Edit: good lord, did I really write that shit back then? How horribly embarassing.

Monday, October 29, 2007

A situation like this

First posted 2-26-04

"You know, a situation like this has a high potentiality for the common motherfucker to bitch out."
- Out of Sight

Ain't that the fucking truth.

But before that. I had originally a different topic in mind for my particular brand of rant tonight, but I've decided to postpone it until tomorrow. Timing wasn't quite right. But instead I shall talk first about the thing which I'm sure everyone who knows me expects me to talk about.

Snow.

Yes, it snowed last night. And in the very Georgia tradition of the season, school was closed on account of an inch of snow that is all but melted away. Got to love the South. In any event, here are the events. I wake up a quarter after 6 AM, thoroughly tired from staying up too late playing Tetris at Pam's. Probably had the most fun doing that than I have had in a very long while. The "Schnap" story will be a private joke between us, I am sure. Stagger and yawn through the morning routine, then wander over to the window and take a look outside. White. A white blanket draped over the cars. First thought is to immediately turn on the computer and check the email. Yep, school closed. Cool, can relax a little this morning, though I still go in early. And after a time and fashion, I step outside to travel to work. And I am confronted on the steps by the curved and patterned indentations of Jeff's footprints in the snow. I have not seen a scene of this magnitude in some time. I step slowly, carefull down the steps to the car. At which point I pause. I stop and smell the cleaness of the air. Hear the snow-crested stillness that only comes in the early morning after that snowfall. I look up to the depthless skies, paled over with gray clouds so that I cannot tell where the clouds actually stop. And I am happy. For three seconds there I am happy. I grab a wad of wet, packing, wonderful snow from the car roof, roll it into a ball and lightly heave into the air. I watch as it disappears into the lawn in that strange way that snow becomes other snow and is gone. And I proceed to work through the fairy land. Ruts on the pavement that haven't seen ruts in two years since the last snow. An early morning wakeup call snowman on the corner. And as I tremble up the bridge to work, shuffle the old man shuffle across the slippery creaking boards, I pause at the end near the building. I had never noticed before, but the end of that bridge dips between a bank of trees. Just sort of juts between them. This morning I paused in that section and stared through the white-lined branches until the roadwork and the streetlamps and powerlines all disappeared, and for a moment there I thought I was in the snow-tamped forests of my youth. In the accompanying peace and silence.

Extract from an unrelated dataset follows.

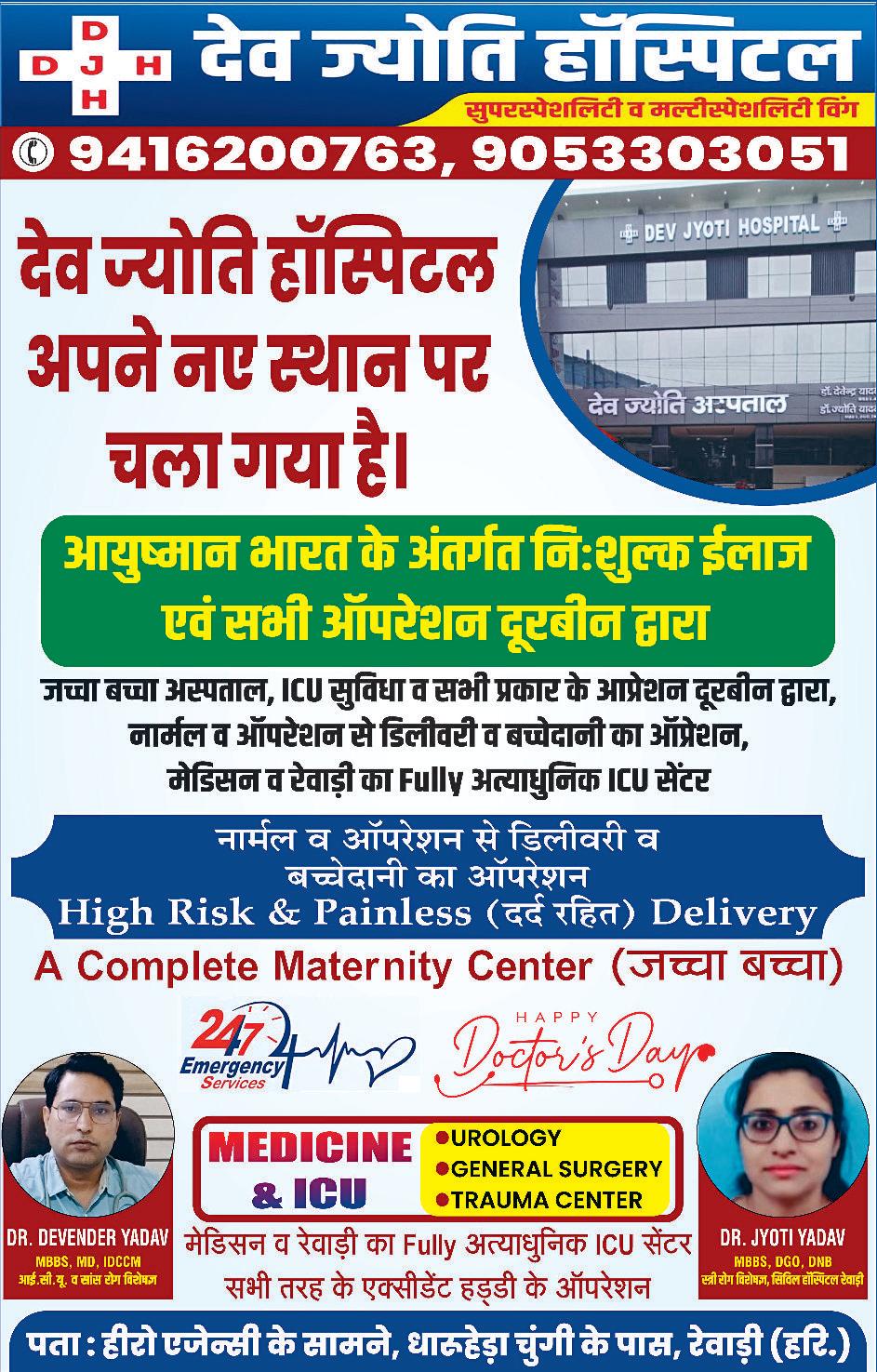 अपराधों पर अंकुश, महिला सुरक्षा और नशे की रोकथाम पुलिस की प्राथमिकता : डीएसपी श्योराण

It is the silence that I love. Night snows are the best. In snowfall itself the flakes are large and stark against the night sky and they seem to drop from nowhere. Seemingly just a few feet above your head. There is no start there. Then you wake up early in the morning, before the world arises and see the fields, pristine and unmarred by the mark of man. As if I were all alone on this planet. But it's the silence most of all. It is quiet during the snowfall. No cars on the streets, people bundled warm in their houses. So quiet that I can hear my footsteps solidly crunch in the drifts. So solid, so sure. The sound reassures me that I am real. My footsteps make sound, they leave prints. I am alive. I am here. I am real.

Edit: snip out the emo

Saturday, October 27, 2007

Don't let the bastards get you down

First posted 2-25-04

"Don't let the bastards get ya down."
- Payback

Today Dawn called me a pukka. Met up as we walked to class and called me a pukka. It's better than it sounds. Pukka is one of the Jack Payne Memorial Words of the Week. I miss Jack, he was a good man. Such men should not be lost. We should have the power to say, "that guy there, he's a good guy. We want him to stay around. Him over there, not so good. Take him; leave Jack." But anyways, pukka means "genuine" or "the real deal." So she called me a pukka. I tried to say something witty, like "I should hope so, I hate to think there was another one of me around." Nonsense.

But as I think about it now, I realize I am not a pukka. I am not real. It reminds of something I wrote Emily in the explanatory email. I told her that I was not a man. That I'm not even human. I am the antithesis of a human. I am the empty space where a person should be. A photonegative. I am defined by my lack. Outlined as a shape by what I am not. This is truth.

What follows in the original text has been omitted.